## Task requirements
Look below for the line with "Hello and welcome" and the line with "Dr. Johnson here"; repeat exactly those two lines and all lines between them, but no pictures.

(Stored items)

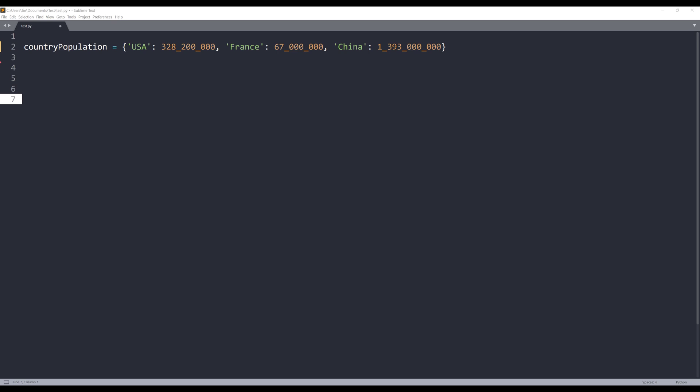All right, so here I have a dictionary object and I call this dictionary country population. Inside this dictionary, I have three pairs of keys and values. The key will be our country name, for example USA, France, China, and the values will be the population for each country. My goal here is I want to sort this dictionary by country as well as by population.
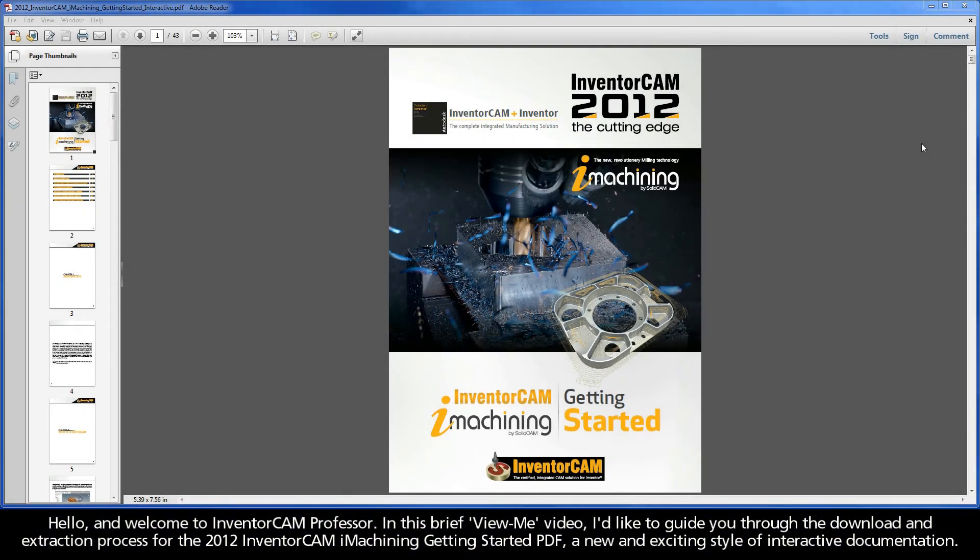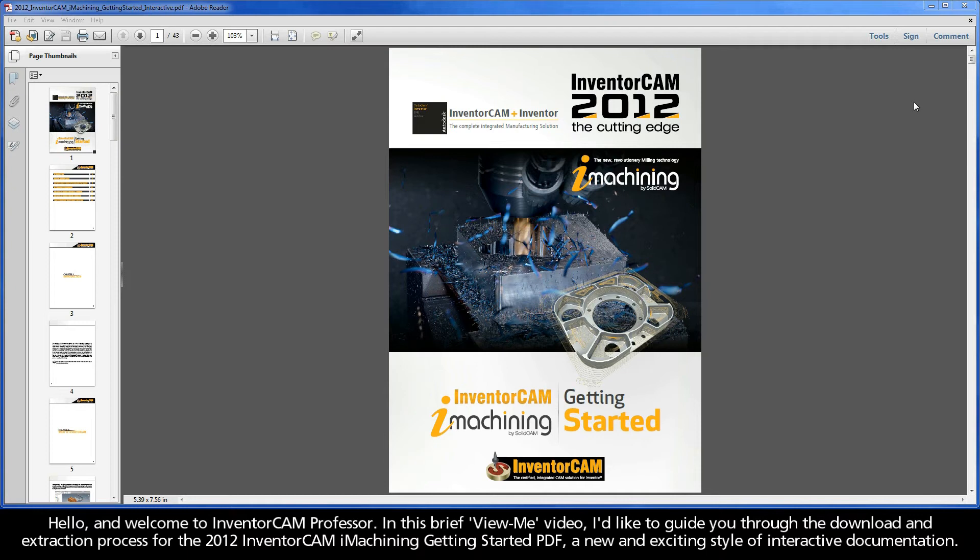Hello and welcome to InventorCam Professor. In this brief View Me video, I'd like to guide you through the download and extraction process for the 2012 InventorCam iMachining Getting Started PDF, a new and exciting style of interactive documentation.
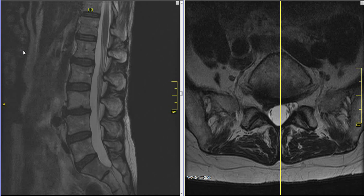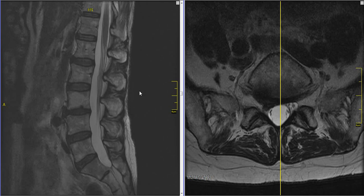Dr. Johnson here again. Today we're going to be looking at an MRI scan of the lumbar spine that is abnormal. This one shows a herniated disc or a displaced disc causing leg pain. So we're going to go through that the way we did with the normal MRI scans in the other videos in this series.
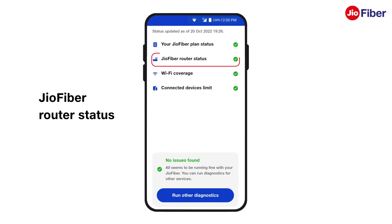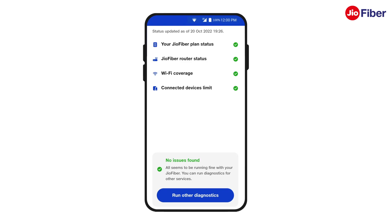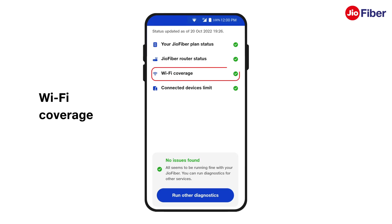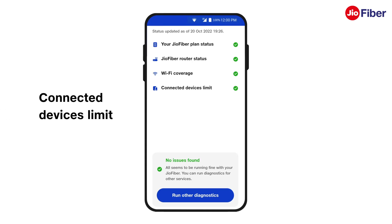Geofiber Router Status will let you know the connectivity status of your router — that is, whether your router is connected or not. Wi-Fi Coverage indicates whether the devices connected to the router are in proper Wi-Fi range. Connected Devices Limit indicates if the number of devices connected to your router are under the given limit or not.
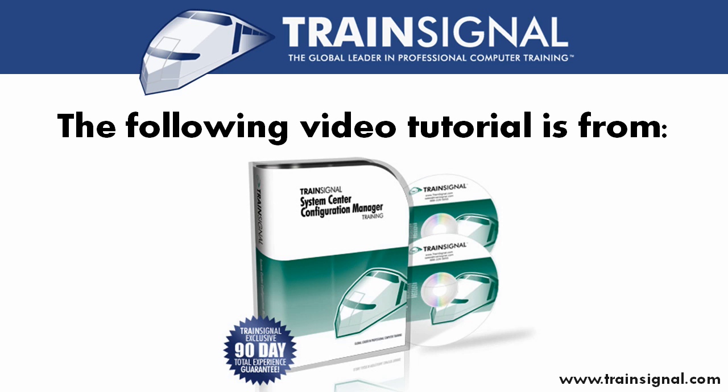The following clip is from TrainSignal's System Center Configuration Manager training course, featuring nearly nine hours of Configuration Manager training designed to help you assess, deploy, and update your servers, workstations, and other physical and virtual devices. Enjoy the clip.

## Problem solution
Hello and welcome to InventorCam Professor. In this brief View Me video, I'd like to guide you through the download and extraction process for the 2012 InventorCam iMachining Getting Started PDF, a new and exciting style of interactive documentation.
Dr. Johnson here again. Today we're going to be looking at an MRI scan of the lumbar spine that is abnormal. This one shows a herniated disc or a displaced disc causing leg pain. So we're going to go through that the way we did with the normal MRI scans in the other videos in this series.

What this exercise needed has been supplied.